Drawings After Washington College Yearbook Photos of Students in Blackface


Canvas: Soft pastel, charcoal & charcoal pencil on raw canvas, under clear leveling gel
Frame: Pine wood, black acrylic & acrylic finish
2020


These two drawings were drawn after photographs that were published in Washington College yearbooks. The first image from 1957 shows the Kappa Alpha fraternity doing a mock performance of a Black church service. Later, in 1961, Washington College students are pictured in blackface performing a traditional minstrel show. It is important to note that in 1961 Thomas Morris and Patricia Godbolt, the college’s first African American graduates, were both enrolled at the college.
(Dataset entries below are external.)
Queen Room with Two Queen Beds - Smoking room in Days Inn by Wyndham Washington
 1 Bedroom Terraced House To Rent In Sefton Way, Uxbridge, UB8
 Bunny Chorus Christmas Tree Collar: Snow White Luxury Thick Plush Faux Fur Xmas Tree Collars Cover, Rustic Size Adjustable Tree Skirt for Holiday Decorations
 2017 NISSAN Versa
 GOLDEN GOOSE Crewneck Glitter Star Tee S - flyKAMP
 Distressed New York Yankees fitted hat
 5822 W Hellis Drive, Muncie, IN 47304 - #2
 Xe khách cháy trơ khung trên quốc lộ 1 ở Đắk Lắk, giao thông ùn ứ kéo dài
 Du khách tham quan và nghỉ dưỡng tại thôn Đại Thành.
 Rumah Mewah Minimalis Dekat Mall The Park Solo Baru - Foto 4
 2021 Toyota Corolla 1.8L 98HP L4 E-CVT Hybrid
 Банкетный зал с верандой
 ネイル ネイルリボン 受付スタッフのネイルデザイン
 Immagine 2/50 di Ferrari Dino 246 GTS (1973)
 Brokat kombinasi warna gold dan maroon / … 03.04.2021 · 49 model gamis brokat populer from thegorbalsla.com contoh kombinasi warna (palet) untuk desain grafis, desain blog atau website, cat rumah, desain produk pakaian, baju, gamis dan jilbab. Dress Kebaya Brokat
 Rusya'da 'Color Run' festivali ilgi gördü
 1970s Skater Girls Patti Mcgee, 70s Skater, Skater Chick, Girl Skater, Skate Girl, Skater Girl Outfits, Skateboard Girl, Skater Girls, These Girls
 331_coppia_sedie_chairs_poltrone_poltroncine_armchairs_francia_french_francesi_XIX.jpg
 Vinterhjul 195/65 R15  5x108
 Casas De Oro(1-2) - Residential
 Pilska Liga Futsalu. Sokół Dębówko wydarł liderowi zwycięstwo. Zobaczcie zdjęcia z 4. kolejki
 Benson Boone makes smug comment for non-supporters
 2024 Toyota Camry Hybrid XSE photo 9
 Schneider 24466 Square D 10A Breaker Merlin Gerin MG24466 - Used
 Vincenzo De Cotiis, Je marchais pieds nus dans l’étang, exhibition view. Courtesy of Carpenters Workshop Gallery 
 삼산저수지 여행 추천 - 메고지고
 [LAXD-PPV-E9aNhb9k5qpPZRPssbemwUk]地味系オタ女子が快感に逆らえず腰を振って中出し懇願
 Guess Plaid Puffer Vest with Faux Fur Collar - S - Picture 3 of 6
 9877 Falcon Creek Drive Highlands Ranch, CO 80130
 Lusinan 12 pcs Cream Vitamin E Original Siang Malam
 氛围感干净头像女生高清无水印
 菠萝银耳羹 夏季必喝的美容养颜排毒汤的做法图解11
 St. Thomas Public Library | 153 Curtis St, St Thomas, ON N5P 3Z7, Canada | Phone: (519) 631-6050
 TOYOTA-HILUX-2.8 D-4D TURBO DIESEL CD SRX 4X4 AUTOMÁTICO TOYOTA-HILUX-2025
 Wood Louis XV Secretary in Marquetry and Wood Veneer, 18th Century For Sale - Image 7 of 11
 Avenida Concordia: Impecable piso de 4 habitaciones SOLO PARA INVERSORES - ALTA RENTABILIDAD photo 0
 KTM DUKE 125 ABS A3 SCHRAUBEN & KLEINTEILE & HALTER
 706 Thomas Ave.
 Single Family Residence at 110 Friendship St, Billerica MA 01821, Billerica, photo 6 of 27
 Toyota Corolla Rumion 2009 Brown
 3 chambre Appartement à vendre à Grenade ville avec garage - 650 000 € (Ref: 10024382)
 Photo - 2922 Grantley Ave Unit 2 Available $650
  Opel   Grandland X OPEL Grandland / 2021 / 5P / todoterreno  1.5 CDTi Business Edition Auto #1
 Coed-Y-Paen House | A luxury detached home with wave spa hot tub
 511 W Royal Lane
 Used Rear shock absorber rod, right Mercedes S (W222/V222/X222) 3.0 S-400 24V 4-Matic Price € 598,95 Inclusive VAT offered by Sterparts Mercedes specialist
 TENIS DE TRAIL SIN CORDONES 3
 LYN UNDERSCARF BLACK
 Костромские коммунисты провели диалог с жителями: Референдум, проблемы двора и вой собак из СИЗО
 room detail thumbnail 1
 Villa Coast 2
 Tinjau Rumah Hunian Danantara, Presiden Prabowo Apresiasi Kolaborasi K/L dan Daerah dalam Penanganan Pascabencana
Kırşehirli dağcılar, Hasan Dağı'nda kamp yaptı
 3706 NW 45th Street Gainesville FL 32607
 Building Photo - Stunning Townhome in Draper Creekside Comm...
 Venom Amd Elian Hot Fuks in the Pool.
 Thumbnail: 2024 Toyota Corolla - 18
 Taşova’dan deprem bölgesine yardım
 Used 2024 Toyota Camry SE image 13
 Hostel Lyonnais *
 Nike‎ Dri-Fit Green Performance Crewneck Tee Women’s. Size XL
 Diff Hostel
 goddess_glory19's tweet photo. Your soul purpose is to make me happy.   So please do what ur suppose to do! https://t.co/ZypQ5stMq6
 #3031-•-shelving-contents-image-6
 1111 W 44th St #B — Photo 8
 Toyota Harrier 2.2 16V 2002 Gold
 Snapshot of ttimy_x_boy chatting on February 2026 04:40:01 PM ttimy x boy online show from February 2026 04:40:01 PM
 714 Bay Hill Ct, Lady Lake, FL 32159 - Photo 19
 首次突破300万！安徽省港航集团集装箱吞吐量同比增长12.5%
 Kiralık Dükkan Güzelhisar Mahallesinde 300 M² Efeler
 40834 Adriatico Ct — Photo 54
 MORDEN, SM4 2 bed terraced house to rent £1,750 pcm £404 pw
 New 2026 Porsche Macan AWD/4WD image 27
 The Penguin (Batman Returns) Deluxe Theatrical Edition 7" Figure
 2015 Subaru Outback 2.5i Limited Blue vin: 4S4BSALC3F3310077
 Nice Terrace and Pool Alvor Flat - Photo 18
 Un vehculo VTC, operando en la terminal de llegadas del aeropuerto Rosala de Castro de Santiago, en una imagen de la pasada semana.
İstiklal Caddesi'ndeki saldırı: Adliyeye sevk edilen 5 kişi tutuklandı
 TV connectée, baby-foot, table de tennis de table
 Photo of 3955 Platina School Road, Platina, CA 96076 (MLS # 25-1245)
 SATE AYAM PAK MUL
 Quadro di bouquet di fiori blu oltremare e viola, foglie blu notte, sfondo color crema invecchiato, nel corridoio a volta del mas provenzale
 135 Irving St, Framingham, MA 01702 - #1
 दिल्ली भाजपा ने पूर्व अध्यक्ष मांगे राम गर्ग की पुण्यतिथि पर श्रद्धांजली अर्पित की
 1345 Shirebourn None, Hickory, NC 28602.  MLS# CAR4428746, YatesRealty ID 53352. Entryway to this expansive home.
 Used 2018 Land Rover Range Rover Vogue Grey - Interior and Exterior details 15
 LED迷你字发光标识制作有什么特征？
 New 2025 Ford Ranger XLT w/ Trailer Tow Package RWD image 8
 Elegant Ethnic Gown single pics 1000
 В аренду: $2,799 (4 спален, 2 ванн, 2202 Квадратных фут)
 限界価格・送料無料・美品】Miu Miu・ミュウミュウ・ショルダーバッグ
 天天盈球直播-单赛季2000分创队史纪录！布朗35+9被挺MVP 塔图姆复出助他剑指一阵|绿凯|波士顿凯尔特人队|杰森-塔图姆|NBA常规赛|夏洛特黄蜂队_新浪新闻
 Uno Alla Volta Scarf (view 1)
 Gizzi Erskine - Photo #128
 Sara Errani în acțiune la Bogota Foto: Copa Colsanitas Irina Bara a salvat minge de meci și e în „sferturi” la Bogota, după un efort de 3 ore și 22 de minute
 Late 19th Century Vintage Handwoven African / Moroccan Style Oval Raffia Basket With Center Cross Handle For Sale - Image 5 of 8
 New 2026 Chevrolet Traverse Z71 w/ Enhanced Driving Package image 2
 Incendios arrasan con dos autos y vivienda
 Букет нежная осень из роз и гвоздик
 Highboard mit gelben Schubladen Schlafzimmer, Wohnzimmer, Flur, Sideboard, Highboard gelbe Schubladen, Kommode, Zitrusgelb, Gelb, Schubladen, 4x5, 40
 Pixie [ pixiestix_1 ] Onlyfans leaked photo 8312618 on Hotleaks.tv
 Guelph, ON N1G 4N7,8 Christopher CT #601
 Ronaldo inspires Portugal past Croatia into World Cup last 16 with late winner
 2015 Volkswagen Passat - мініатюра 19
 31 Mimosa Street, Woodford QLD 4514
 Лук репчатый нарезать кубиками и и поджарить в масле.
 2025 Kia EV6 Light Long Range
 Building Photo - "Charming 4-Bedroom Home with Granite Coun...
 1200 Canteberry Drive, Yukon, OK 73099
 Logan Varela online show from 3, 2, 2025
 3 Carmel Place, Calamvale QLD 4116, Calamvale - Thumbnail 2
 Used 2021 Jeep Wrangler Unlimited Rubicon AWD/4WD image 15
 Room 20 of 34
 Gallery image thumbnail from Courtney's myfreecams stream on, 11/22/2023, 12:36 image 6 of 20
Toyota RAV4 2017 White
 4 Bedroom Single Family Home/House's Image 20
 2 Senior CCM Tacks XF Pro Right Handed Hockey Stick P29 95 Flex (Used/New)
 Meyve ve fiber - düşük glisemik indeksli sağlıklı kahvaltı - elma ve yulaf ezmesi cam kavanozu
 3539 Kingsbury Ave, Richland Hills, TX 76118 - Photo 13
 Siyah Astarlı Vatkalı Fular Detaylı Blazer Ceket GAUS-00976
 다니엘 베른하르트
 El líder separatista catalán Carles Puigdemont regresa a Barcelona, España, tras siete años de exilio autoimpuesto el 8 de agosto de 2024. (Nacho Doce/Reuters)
Throughout its existence, the Kappa Alpha fraternity has associated itself with the Confederacy and Robert E. Lee. Lee was the president of Washington and Lee University when the fraternity was founded there in 1865, and the order identify him as their “Spiritual Founder.” For decades, the fraternity celebrated the Old South through Confederate themed parades and balls and the Confederate flag was often displayed in the houses and at events thrown by the fraternity. In 2001, the national fraternity banned balls and went on to do the same with parades in 2010. But since then, some chapters nationally have broken those bans and celebrated the Confederacy publicly.

In recent years, several Kappa Alpha chapters across the country have garnered national attention for engaging in racist behavior. In 2017, following Trump’s immigration ban, Kappa Alpha members at Florida State University yelled racial slurs at a Muslim family on their way to protest the ban. In the summer of 2019, an Instagram photo surfaced that depicted Kappa Alpha members from the University of Mississippi holding rifles standing in front of the Emmitt Till memorial sign which was covered in bullet holes.

In the summer of 2020, the members of the Washington College chapter challenged themselves and the fraternity’s foundational connection to Robert E. Lee and its history of racism. As a result, the members chose to disband their chapter, Washington College’s oldest fraternity.